There are still some good guys left in Washington…

OK, I realize this is not his main point in the piece, but I this bit from a new diary of Senator Feingold’s on MyDD really impresed me:

At a time in the country when we need free and open discourse, when the Senate is rubber stamping a bankruptcy bill which hurts those who have no power, when the country is involved in a war with no timetable for an exit strategy, we must be able to speak our minds without fear of recrimination from the government.

The main point, on the relationship of the blogosphere to the McCain-Feingold Campaign Finance act (BCRA) is worth reading too.

Link via the MyDD front page

As if we needed more reason to believe Wal-Mart was evil…

How does the number-one retailer maintain an image of low prices? First, by actually making sure its prices are lower than its competitors, at least on key items. These items are called “price-sensitive” items in the industry, and it is commonly believed that the average consumer knows the “going price” of fewer than 100 items. These tend to be commodities that are purchased frequently.
A mid-size Wal-Mart supercenter may offer for sale 100,000 separate items, or stock-keeping units (skus). Wal-Mart and other major retailers believe that the general public knows the going price of only 1 to 2 percent of these items. Therefore, each Wal-Mart store shops for the prices of only about 1,500 items in their competitors’ stores. If it is ever found that a competitor has a lower price on one of these items than Wal-Mart, the store manager will immediately lower his or her price to be the lowest in the area.

Price-sensitive merchandise is displayed in prominent places such as the kiosk at the entrance to the store, as well as on end caps, in dump bins, and in gondolas down the main aisles. Consequently, when Wal-Mart customers see the items of which they know the price, the ones always priced lower in Wal-Mart, they start assuming that everything else is also priced lower than at competing stores. This assumption is simply not true.

My barber has offered me a simple example. He sells a nonbreakable pocket comb for 25 cents that he procures from his vendor for eight cents. Wal-Mart sells a lower-quality comb for 98 cents, and one would assume that Wal-Mart pays less for it than the barber does. People keep buying Wal-Mart combs, however, because the average person does not know the going price of a pocket comb, and it is automatically assumed that the Wal-Mart price is the lowest.

Via MyDD

Downtime and administrivia…

Web server was down from 10PM last night to 5PM or so today. Mea cupla, and I’ll try not to let it happen again.

Also, in case regular readers may not have noticed, SFChat.org no longer points directly here, and instead has a brief directory and the note:

If you’ve come looking for Nate’s Blog, the correct address is https://www.cubiclehermit.com/.

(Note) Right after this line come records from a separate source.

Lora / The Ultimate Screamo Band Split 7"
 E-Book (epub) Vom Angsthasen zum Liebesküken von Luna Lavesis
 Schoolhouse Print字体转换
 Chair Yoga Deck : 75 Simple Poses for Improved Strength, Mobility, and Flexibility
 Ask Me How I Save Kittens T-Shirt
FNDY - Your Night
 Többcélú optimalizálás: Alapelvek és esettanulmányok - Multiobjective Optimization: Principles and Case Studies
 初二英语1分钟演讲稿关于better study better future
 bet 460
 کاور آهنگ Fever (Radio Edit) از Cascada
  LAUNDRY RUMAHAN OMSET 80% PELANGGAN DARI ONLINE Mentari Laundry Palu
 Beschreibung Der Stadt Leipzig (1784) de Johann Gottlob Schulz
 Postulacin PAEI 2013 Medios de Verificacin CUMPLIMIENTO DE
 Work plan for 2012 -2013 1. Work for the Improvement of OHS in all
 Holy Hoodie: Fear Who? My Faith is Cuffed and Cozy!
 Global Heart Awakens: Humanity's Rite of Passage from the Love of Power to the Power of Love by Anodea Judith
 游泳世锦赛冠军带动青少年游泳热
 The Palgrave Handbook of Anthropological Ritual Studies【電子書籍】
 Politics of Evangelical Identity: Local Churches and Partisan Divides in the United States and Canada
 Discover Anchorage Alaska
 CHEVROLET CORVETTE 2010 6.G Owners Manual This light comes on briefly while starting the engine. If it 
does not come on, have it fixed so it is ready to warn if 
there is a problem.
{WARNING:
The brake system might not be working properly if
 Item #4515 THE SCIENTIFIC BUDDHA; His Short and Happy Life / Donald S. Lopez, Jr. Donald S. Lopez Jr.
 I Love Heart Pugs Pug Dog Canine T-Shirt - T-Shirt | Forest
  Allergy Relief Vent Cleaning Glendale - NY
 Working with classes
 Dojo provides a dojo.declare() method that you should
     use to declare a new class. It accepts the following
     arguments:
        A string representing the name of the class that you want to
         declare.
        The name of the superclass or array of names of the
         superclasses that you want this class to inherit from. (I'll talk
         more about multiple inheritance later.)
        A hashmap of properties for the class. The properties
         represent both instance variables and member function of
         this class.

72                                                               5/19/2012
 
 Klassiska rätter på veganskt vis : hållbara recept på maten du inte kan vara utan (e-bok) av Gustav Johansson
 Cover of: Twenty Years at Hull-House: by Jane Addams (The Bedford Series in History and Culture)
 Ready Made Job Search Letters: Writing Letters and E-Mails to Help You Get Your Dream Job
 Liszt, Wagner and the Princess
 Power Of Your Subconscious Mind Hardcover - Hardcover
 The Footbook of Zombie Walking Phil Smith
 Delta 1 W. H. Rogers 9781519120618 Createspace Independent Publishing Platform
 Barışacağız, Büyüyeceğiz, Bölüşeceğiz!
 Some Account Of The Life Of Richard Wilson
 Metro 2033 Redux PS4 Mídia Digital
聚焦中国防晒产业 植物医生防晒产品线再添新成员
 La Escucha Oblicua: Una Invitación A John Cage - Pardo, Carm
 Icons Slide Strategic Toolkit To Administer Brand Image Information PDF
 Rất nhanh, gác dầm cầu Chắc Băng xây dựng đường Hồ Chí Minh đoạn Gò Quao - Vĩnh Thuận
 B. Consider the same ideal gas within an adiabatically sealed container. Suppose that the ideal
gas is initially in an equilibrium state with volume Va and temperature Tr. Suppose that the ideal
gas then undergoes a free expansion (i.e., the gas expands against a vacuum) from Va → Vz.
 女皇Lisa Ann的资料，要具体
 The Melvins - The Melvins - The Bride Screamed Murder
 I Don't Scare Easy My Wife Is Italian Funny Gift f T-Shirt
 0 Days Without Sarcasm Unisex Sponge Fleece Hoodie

Feel free to click on either of these links to go there now. There are some hacks to enable permalinks to continue working, but these (and this message) will be going away. The old “official” address (http://www.sfchat.org/wordpress/) is now being redirected to the correct one, and while this redirection is permanent you are encouraged to update any links or bookmarks.

I’ll maintain the links as long as it’s practical to do so, but please update your bookmarks/favorites. If and when I ever get enough readers that it gets impractical to keep hosting this on a DSL line, I’ll probably have to make some compromises and the links may not remain practical.

“Cheese it, the fuzz!”

Whatever happened to Joe Berger? OK, that question won’t mean much to those who aren’t familiar with my fraternity, but this week the Weekly World News brings you “HOW TO TELL IF YOUR PROSTITUTE IS AN EXTRATERRESTRIAL (all caps theirs.)

A sample, out of their list of ten:

2. Out-of-date lingo — Alien prostitutes try to fit in by using streetwalker slang — but often use outdated terms. A hooker who sees a police car and whispers, “Cheese it, the fuzz!” likely hails from deep space.

Funky six-degrees thing

The alumni association at Dartmouth College, where I attended as an undergrad, has set up a web application called “incircle” which lets alumni list their friends and then look up profiles, and see who their friends’ friends are. It’s interesting, as is the fact that it uses full middle names – it’s sort of odd seeing them for a lot of people who I knew in college but didn’t know their middle names.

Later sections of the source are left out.